I remember when I was a kid we went to Fort Detroit and I bought a little envelope with artificially-aged reprints of old U.S. and Confederate money inside. I know a lot of other tourist-traps sold this stuff, and over the years it has apparently lost the connection to souvenir status and people think they’ve got the real thing. Check this list before getting excited about your Confederate money: it’s likely to be a souvenir reprint like mine.
For hundreds of years, pounding coins into trees for good luck has made some interesting trees in Scotland.
Just imagine, if you will, what the world would have thought if Bitcoins emerged during the early internet childhood of the internet: it would probably look something like this.
Writer Mayke Blok has a ten yuan banknote that he can’t spend. There’s an anti-Chinese government text stamped on it, making it poison to carry around with you.
This might look like a cardboard box full of thousands of dollars in cash, but it’s actually a work of art worth thousands of dollars. Fooled you! The artist’s website, more by him.

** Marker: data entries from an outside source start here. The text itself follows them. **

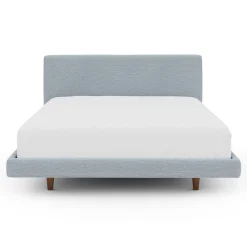 Tessu Queen Low Profile Upholstered Bed - Silver Light Blue
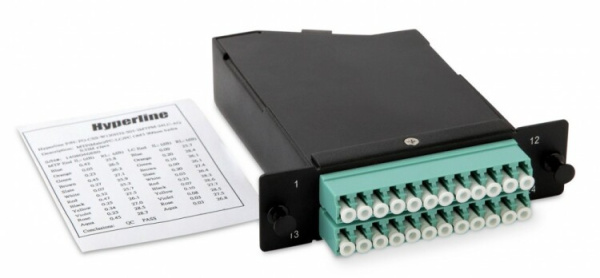 Кассета волоконно-оптическая FO-CSS-W120H32-503-2MTPM-24LC-AQ 2xMTP (папа), 120x32 мм, 24LC адаптера (цвет aqua), 24 волокна, OM3 | 47911 | Hyperline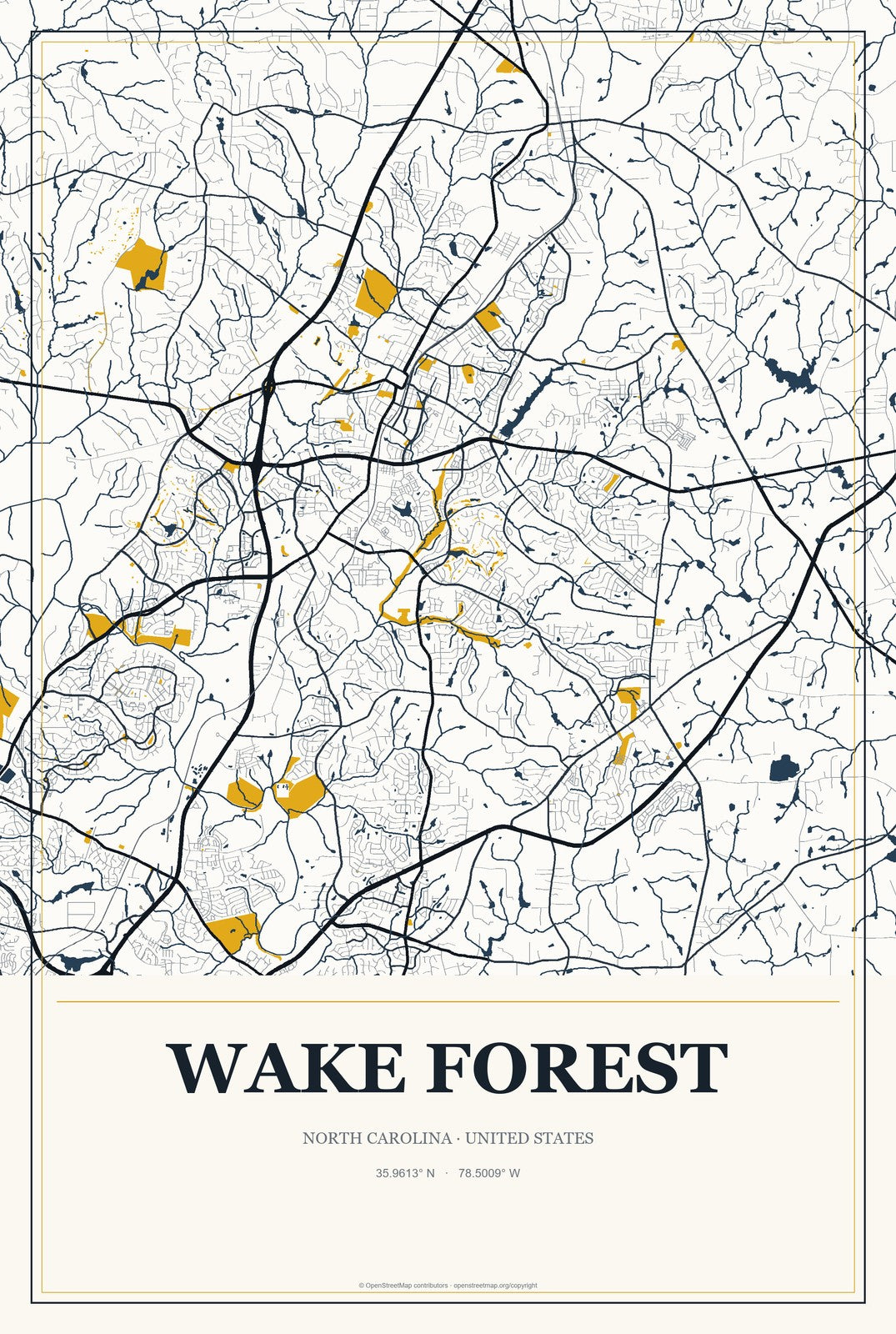 Wake Forest, North Carolina City Map Aluminum Sign in Citrine Modern style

Artist John Chirillo has created a work of art that required almost 15,000 one-dollar bills. Chirillo took each dollar bill, carefullly cut out the all-seeing eyes from the reverse, until he had a whole jar-full of ‘em. The whole lot of them were then mounted in rows, creating a fast expanse of eyes.
According to the notes in the Imgur page, all bills were put back into circulation. Legal? Yes: the mutilation wasn’t done to devalue or otherwise falsify the bills, and well over 2/3 of the original bill was intact. This means that banks and businesses would have accepted them fine, but pretty much the instant they made it to a reserve bank they’d have gone into a shredder to be replaced by crisp new bills.

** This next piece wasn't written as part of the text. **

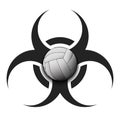 Biohazard symbol with volleyball ball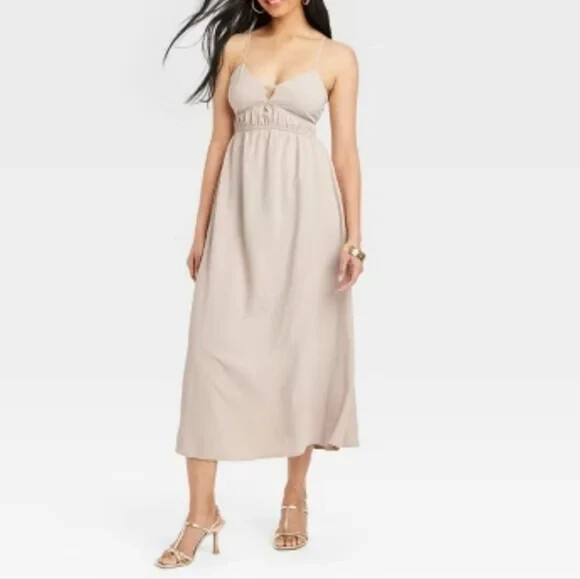 taupe a line dress Taupe Knit Pleated Maternity A-Line Dress – PinkBlush main image 1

The all-seeing eye on the back of the dollar is one of the most controversial parts of our money. First, its connection to Freemasonry squicks out a lot of people right off the bat. Created in 1935, the designer of the new dollar, Henry Wallace, found the symbol relevant and did some due diligence by asking a Catholic if he thought there’d be any problem with it. That hasn’t stopped Christians from going off the deep-end over its symbolism, though. From the other end, the recent overwhelming evidence of all-seeing government surveillance has brought the the all-seeing eye out as a symbol of the fascist surveillance state. As a symbol, I think it worked, although maybe not as the original engraver intended. When a symbol loses value, it just becomes an image lacking definition. When it becomes a representation of an important concept, good or bad, then some Milwaukee artist feeds off that meaning and spend three years of his life cutting tiny triangles out of dollar bills.
The buzzword these days is “altered art”, where people take one thing and cut it up, making something else — ‘collage’, what they called it back in the seventies when I was in school. Artist Mark Wagner makes complicated, beautiful, and psychedelic works purely from cut-up dollar bills:
But – wait – if cutting pennies for art is legal, then this must be OK, right?
Let’s check out the law. 18 U.S.C. § 333 says that:
Whoever mutilates, cuts, defaces, disfigures, or perforates, or unites or cements together, or does any other thing to any bank bill, draft, note, or other evidence of debt issued by any national banking association, or Federal Reserve bank, or the Federal Reserve System, with intent to render such bank bill, draft, note, or other evidence of debt unfit to be reissued, shall be fined under this title or imprisoned not more than six months, or both.
Now that’s somewhat vague: what is “unfit to be reissued”? According to ArtTechLaw, creative uses generally don’t incur the wrath of the Secret Service — if you’ll remember, people messing with paper money is the reason Lincoln created the Secret Service. Like the coin law, enforcement of this part of the United States Code is primarily focused on destruction designed to affect the value of the money or affect the monetary system as a whole. Even when the Joker burned a huge pile of money, because it’s fiat money, with no inherent physical value, the Treasury can just print up a bunch of new sawbucks to replace what was destroyed. Part of the Treasury’s job is figuring out what to do with badly damaged money; if Mr. Wagner ever falls on hard times, he could probably carry his art right up to the Treasury’s front doors and nicely ask to have the money converted back into circulating bills. Hopefully it won’t ever come to that.